Updated: Jul 20
By Amina Elhajjami
HAF Program Director
Written by Amina Elhajjami, the High Atlas Foundation’s Program Director for the Al Haouz and Taroudant provinces along with National Endowment for Democracy projects in this region, her story gives a glimpse of life in a village of the High Atlas mountains, where women’s associations are beginning to thrive and are supported by men in the community. Amina began her journey with sustainable development while studying at Cadi Ayyad University in Marrakech and volunteering with local associations. After graduating with a degree in geography in 2010, Amina worked with the association N’fis pour le Développement Economique et Social in the Al Haouz province, leading her to work with the High Atlas Foundation. Here is Amina’s story:
This past year, I traveled to a small village in the High Atlas Mountains. Upon entering the village I encountered my cheerful colleague Fatima Baamrani, HAF’s Project Manager for the Taroudant province. It had been a long time since I had seen her and so we began to discuss our latest news. In the course of our conversation she mentioned she was on her way to a meeting. She mentioned that several women were going to attend and that I should join. The way she was thinking and talking had improved and it was surprising to me.
We began to walk to the meeting. Coming upon the assembly headquarters, I saw several women standing outside the room. I was amazed by this change. Typically women did not attend meetings with men. I stepped inside the room and my attention was immediately drawn towards the pictures hanging on the wall. Underneath the label “Association Activities” were pictures of women involved in several activities throughout the village. I was greatly impressed by this pace of change. After a few minutes, a jovial man entered the room, followed by a few men from the village. Once everyone was seated, Fatima whispered in my ear, “this is the man I’ve been speaking of, Mr. Abdel Aziz. He is the one who supports and encourages us in improving our economic and social situation.” Abdel Aziz started the meeting by saying, “we are very delighted with the success we have achieved in the recent years. Thank you to the women for joining the association and their effective work with us. All of us would like to thank you for your efforts.”

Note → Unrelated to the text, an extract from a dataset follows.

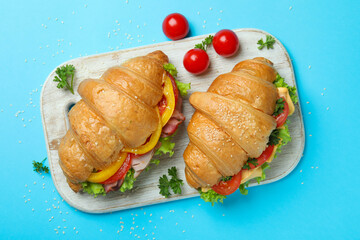 Concept of tasty eating with croissant sandwiches on blue background, top view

As he spoke, I remembered all of the times Fatima mentioned how much help Abdel Aziz was to the women of this village. He helped them submit their first project to the National Initiative for Human Development. It was a clean drinking water project. As a child, he had seen his elderly mother, alongside the other women in the village, suffer in their efforts to provide clean drinking water. They had to travel great distances outside of their village, all the while carrying water on their backs.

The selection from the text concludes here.